*** Exercise data Section Begins ***

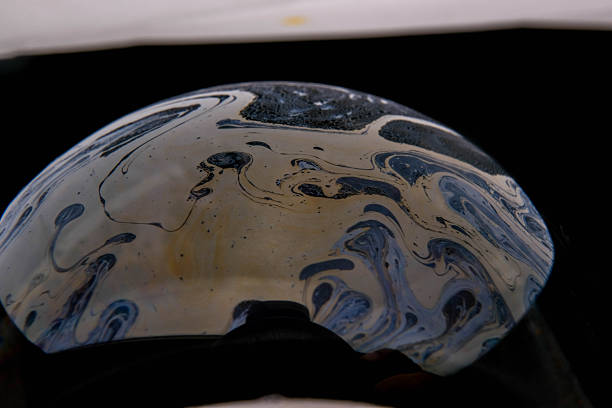 A close-up shot of soap bubbles with water.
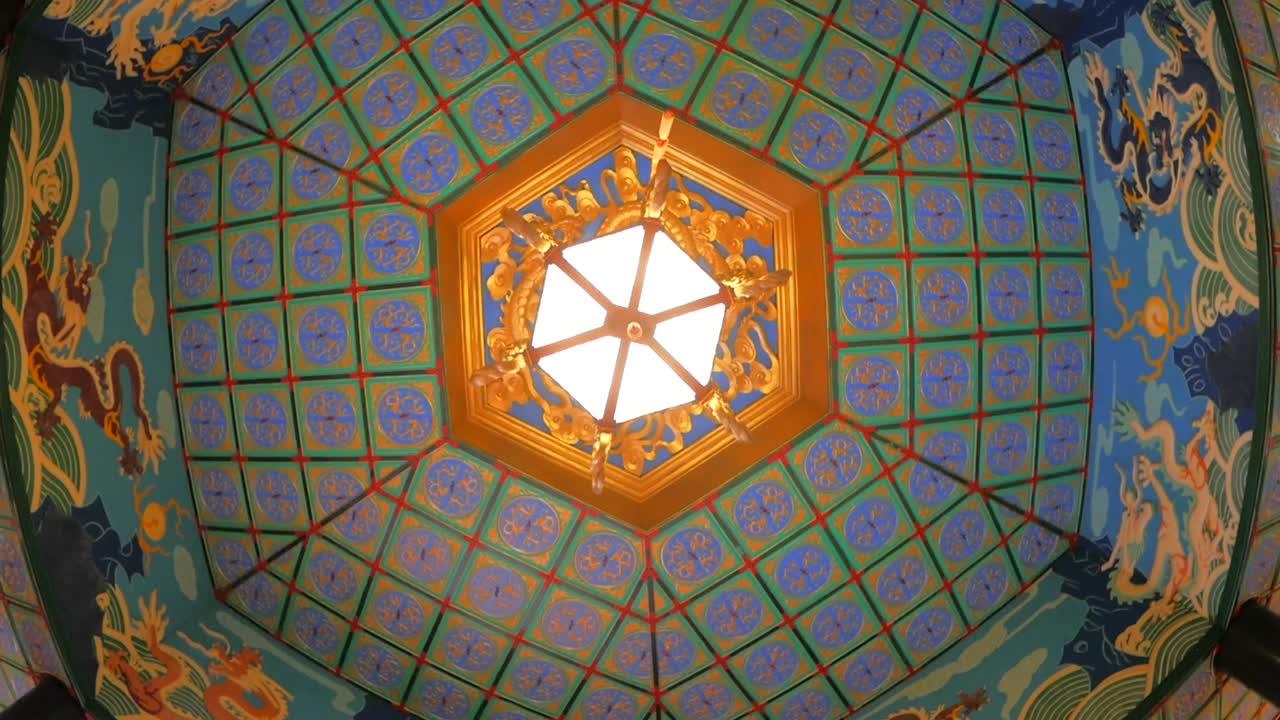 Colorful, old, and intricate Chinese designed ceiling tray.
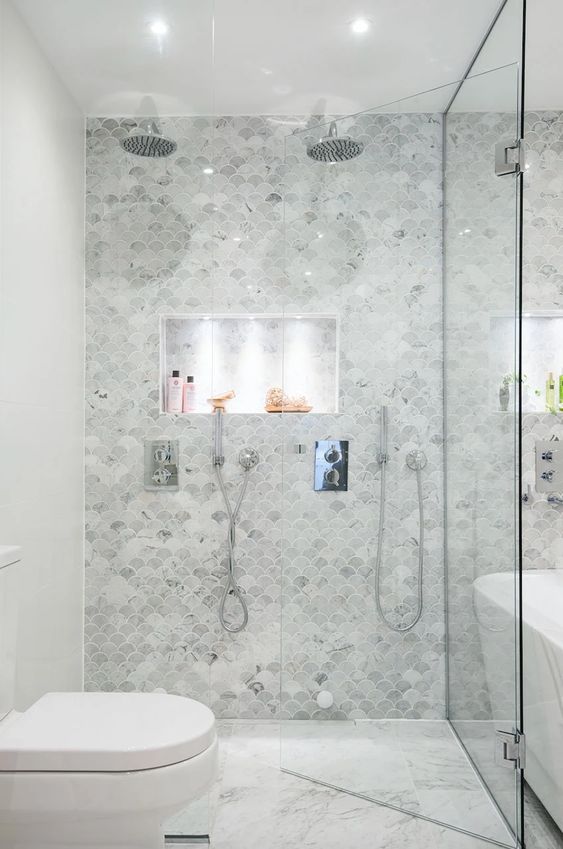 a neutral bathroom done with marble fish scale tiles, a shower and a tub, white appliances and built-in lights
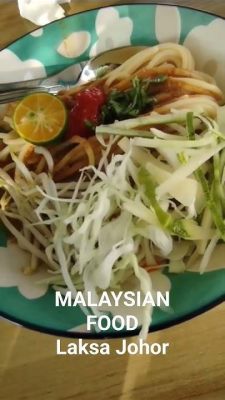  Laksa Johor: Täynnä makuja ja aromaatteja, tämä Malesian herkku on varmasti unohtumaton kokemus!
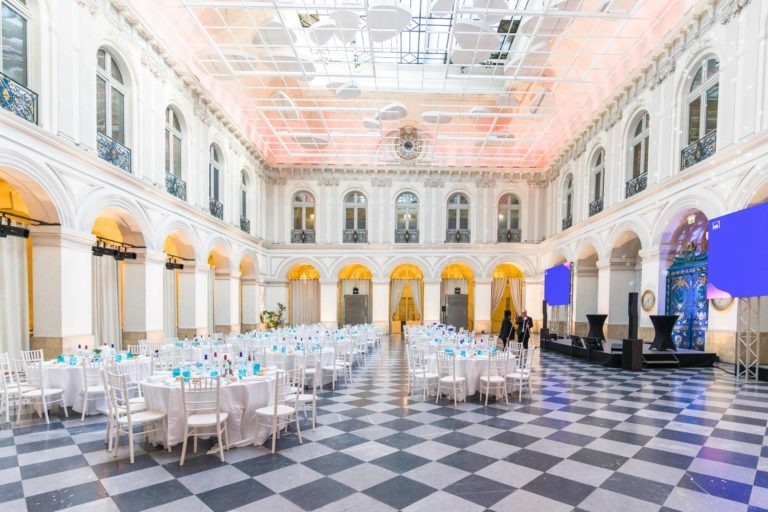 Salle de réception élégante avec de hauts plafonds et des fenêtres cintrées, avec un sol à carreaux noir et blanc. De nombreuses tables rondes sont soigneusement disposées avec des nappes blanches et des couverts. Une scène avec deux grands écrans et des podiums se trouve sur le côté droit, alors que les gens se préparent pour la Soirée AXA au Palais de la Bourse de Bordeaux.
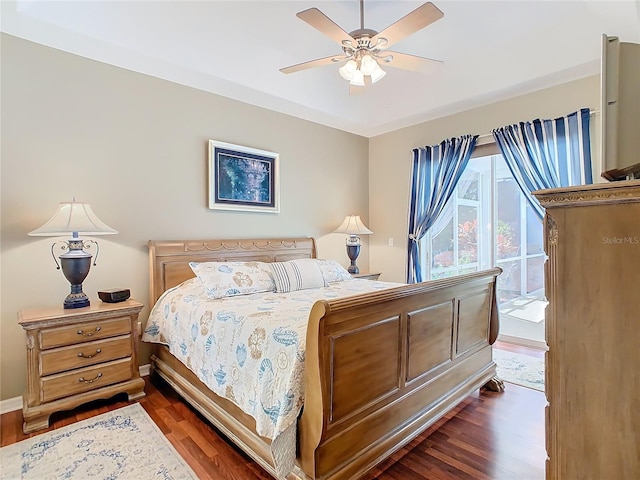 bedroom featuring ceiling fan and dark hardwood / wood-style floors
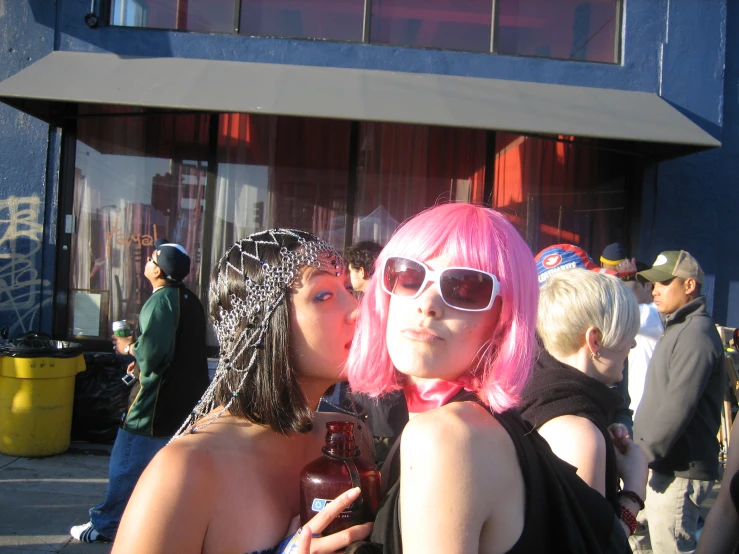 two women pose for the camera on the street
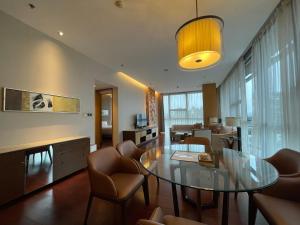 深圳深圳欢乐海岸万豪行政公寓的客厅配有玻璃桌和椅子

*** Exercise data Section Ends ***

Leave out the pictures; repeat the data exactly.

**Answer box**
 A close-up shot of soap bubbles with water.
 Colorful, old, and intricate Chinese designed ceiling tray.
 a neutral bathroom done with marble fish scale tiles, a shower and a tub, white appliances and built-in lights
  Laksa Johor: Täynnä makuja ja aromaatteja, tämä Malesian herkku on varmasti unohtumaton kokemus!
 Salle de réception élégante avec de hauts plafonds et des fenêtres cintrées, avec un sol à carreaux noir et blanc. De nombreuses tables rondes sont soigneusement disposées avec des nappes blanches et des couverts. Une scène avec deux grands écrans et des podiums se trouve sur le côté droit, alors que les gens se préparent pour la Soirée AXA au Palais de la Bourse de Bordeaux.
 bedroom featuring ceiling fan and dark hardwood / wood-style floors
 two women pose for the camera on the street
 深圳深圳欢乐海岸万豪行政公寓的客厅配有玻璃桌和椅子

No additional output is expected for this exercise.